When hosting a group of suburban, seemingly well-off Trump voters, Morad solicits their opinions on immigration. They claim that there is “no vetting” even though that isn’t true. When surveying another antifa-obsessed, less affluent-seeming group, the participants claim there to be “at least 58 terrorist training camps” throughout the United States. This also isn’t true, but truth isn’t the point. If you peel back the curtain of outsized fears of demographic change, terrorism and civil disobedience, you reveal a class and race-stratified society obsessed with maintaining their own vague baseline of supremacy over others—micro regimes of petty tyranny; millions of tiny anxieties pollinating our culture with resentment and a need to punish. This is what Morad’s segments ultimately show, albeit in a hilarious, comedic context.
Every mistreated service worker, call center representative, poor immigrant and welfare recipient is a sign of a country that redistributes its hate downwards. Nothing exemplifies this better than the “mock quinceanera” scene from the show. In the segment, Morad gets a group of rageful, crime-obsessed men to stage an absurd sting operation in order to “trap” undocumented immigrants. The participants, red-faced at the very thought of slight demographic change, almost get themselves arrested by staging this “quinceanera” in order to lure underage immigrants. That these men were willing to go to such great lengths in order to fulfill their sweeping sadism was one of the most revealing moments of the show. The entire ordeal was abetted by the presence of Morad, who urged them to put their inhumanity on display in the most preposterous way imaginable.
In viewing the first couple of episodes, it can seem baffling as to how Morad could possibly elicit such credulity from his guests, but the reason becomes evident as the series goes on: Behind every war criminal, suburban petty-tyrant and shameless industry shill is a half-imagined middle school bully they are still trying to impress. Erran Morad is that bully.

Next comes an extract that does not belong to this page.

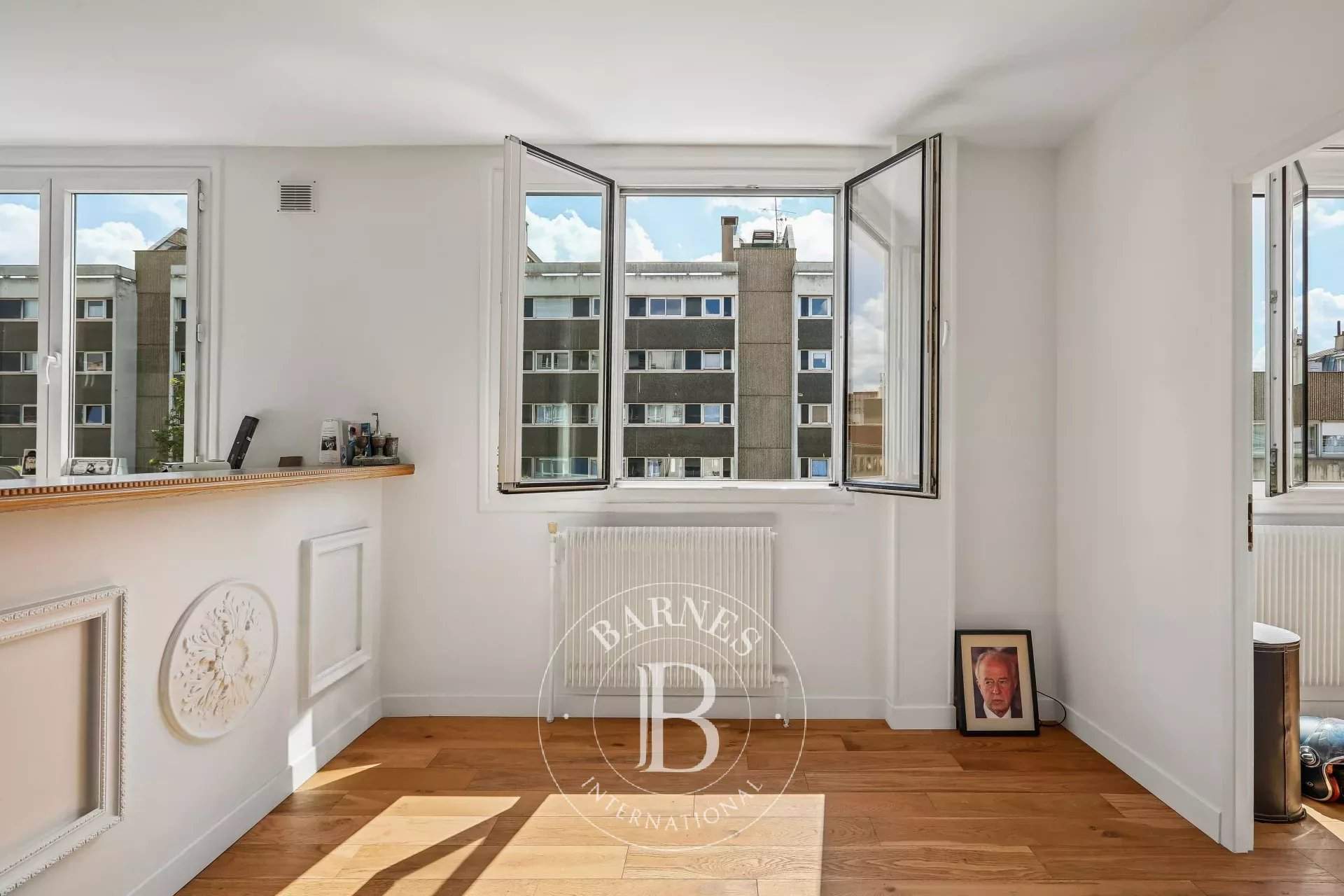 Paris  - Appartement 2 Pi&egrave;ces, 1 Chambre - picture 2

In the end, Morad proves to be the motor of the show. It is hard to say whether Dick Cheney really believes that Iraq would’ve been worse off had the United States not invaded, or if he was actually as eager as he seemed to sign a waterboarding kit. It wouldn’t be surprising, of course; the government has historically been occupied by figures seemingly blind to the misery they create. But all it took for Cheney to display such opinions was the presence of a cartoonish, militaristic clown who merely appeared to be more of an “alpha” than he was.
If all it takes to display the bare cruelty and idiocy of such figures is a grown-up playground thug like Morad, then “Who Is America?” has achieved its goal. Perhaps the aim of this show was too ambitious, and maybe it wasn’t “the most dangerous show in the history of television.” But satire in the era of warped reality works best when it rips open the cupboard of mass culture, laying bare the dusty knick-knacks and regretful Polaroids of a society.
“Who Is America?” doesn’t rip it open fully, but it makes a dent.